Real threat of AI displacing jobs: Telecom Secretary
While digitisation has delivered great benefits to the country, the threat of automation and Artificial Intelligence (AI) displacing jobs is real, Telecom Secretary Aruna Sundararajan said on Monday.
"Adoption of digital technology has proved to be a great democratiser and leveller in India, especially in doing away with many hierarchies in the Indian economy. But digital is also throwing up as many challenges. There are no easy answers to them," Sundararajan said, while delivering the keynote address at a conference on "future of the digital economy" here.
"There are various estimates about the rate at which jobs are becoming irreverent - from 10 per cent to a high of 70 per cent. So this threat is real," she said while referring the rise of AI.
With dangers of job losses looming large, can providing universal basic income be the answer?
"The idea of providing universal basic income is gaining ground because a lot of Silicon Valley leaders are pushing for it," she said.
Participating at a separate panel discussion, Sanjeev Bikchandani, Co-Founder of Info Edge which runs the job portal Naukri.com, said that there will be no large scale job losses due to AI.
"Some jobs will definitely go. But this happens all the time with new technology arriving. Similar questions were raised when computers were introduced in India.
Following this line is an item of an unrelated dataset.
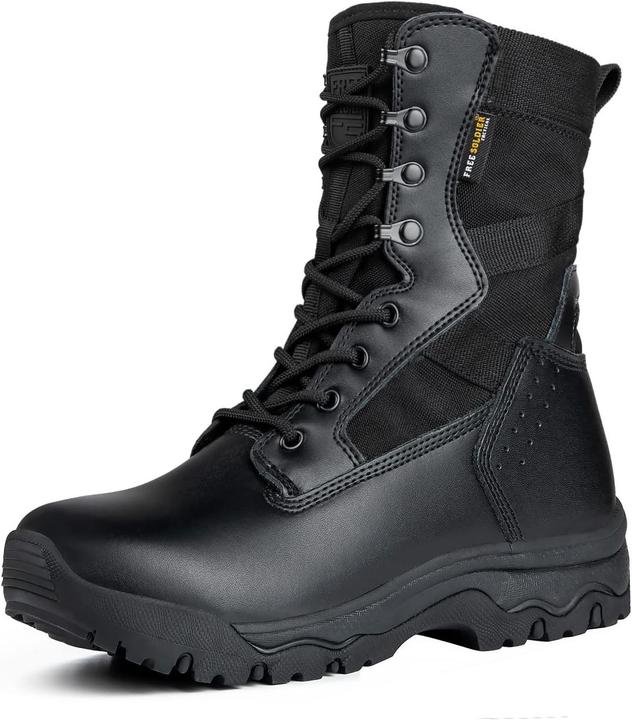 Actual product image Free Soldier Tactical Boots (40)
AI will create new industries," he said at the conference co-organised by Indian Council for Research on International Economic Relations (ICRIER) and Data Catalyst, a non-profit organisation.
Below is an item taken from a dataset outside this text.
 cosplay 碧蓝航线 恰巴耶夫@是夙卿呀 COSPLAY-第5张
But do Indians have the skill set for the new jobs that may be created by the new industries?
According to a new report released last week by job skills assessments company Aspiring Minds, over 80 per cent Indian engineers are unemployable for any job in the knowledge economy.
A mere three per cent engineers have new-age technological skills in areas like AI, Machine Learning, Data Science and mobile development, the report said.
On aggregate, the employability for new-age jobs is on average 1.7 per cent, showed the findings based on more than 170,000 Indian engineering students.